Quantum and Photonics Technologies

The primary goal of the Quanics Lab is to advance Quantum and Photonics Technologies which include nano-devices with custom-designed light-matter interactions (i.e., light generation, detection and conversion) and nano-devices for quantum computing and quantum sensing applications. For this purpose, we investigate a wide range of nano-materials including semiconductors (III-Vs, Si, Ge, SiGe, etc.), emerging 2D materials and metal-organic systems. We also study low-dimensional nanostructures such as impurities, quantum dots, quantum wells, nanowires, nano-crystals and nano-rods.

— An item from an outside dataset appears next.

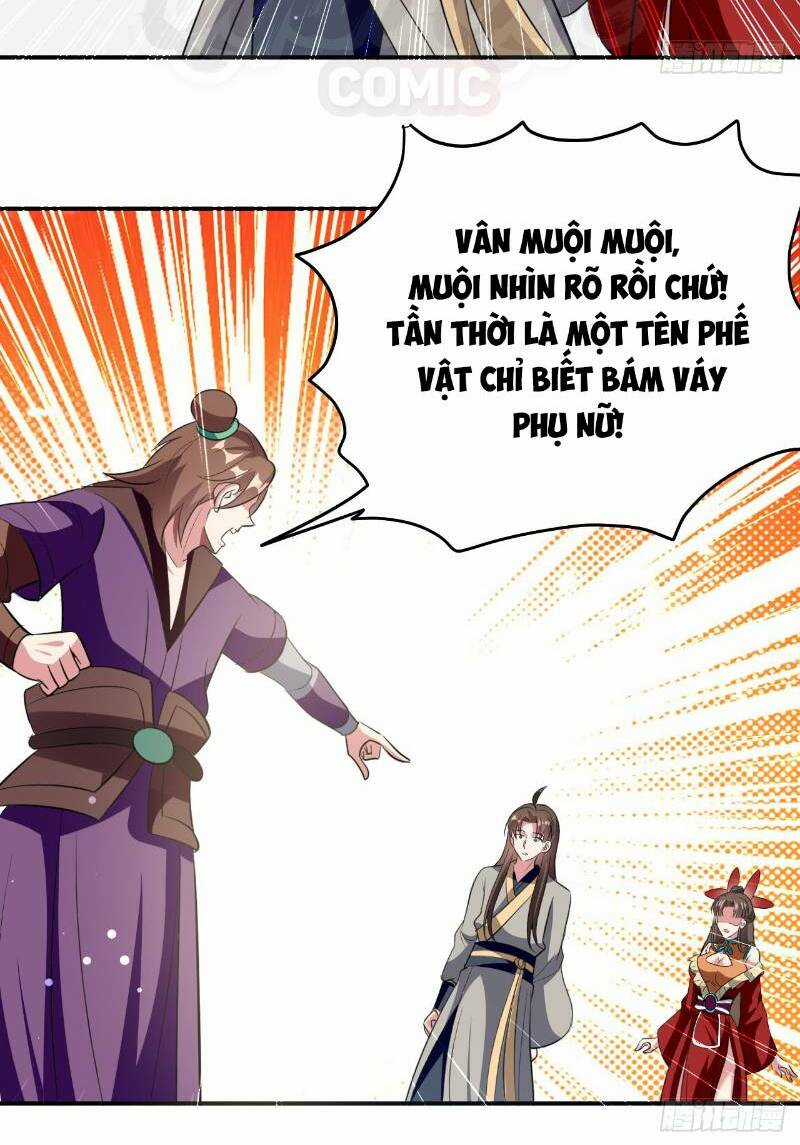 Dị Giới Siêu Cấp Ở Rể Chapter 28 trang 26
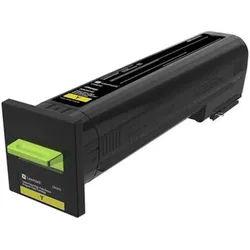 Lexmark 72K2XY0 - Gelb - Toner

We are theoretical and computational physicists, and our research is driven by the development and application of high-end multi-scale computational methods based on DFT, tight-binding (TB) and molecular dynamic (MD) theories. An integral component of our work is the development and application of advanced machine learning tools in materials discovery, as well as in characterisation, control and operational aspects of spin qubit devices and scalable error-corrected quantum computer architectures. We are also interested in probing condensed-matter and spin physics at the fundamental scale in solid-state environments.

Broad Areas of Interest:

Computational Nano-electronics

Quantum Information Science & Technology

Machine Learning

High Performance Computing

Materials Science and Engineering

Enabling Technologies:

Quantum Computing

Quantum Sensing

Photonic Devices for Industry 4.0

Quantum Robust Communications

Computational Resources:

Simulations with realistic dimensions of nano-electronic and quantum devices ranging from 10-100 nm include several hundred thousands to a few million atoms in the simulation domain and therefore require high-performance super-computing machines. Our work is supported by computational resources provided by the following super-computers:

  • Magnus @ Pawsey Supercomputing Centre through NCMAS Allocation (2016-current)

  • Raijin @ National Computing Infrastructure through NCMAS Allocation (2016-current)

  • Spartan @ the University of Melbourne (2014-current)

  • RCAC @ Purdue University through NCN/Nanohub (2005-15)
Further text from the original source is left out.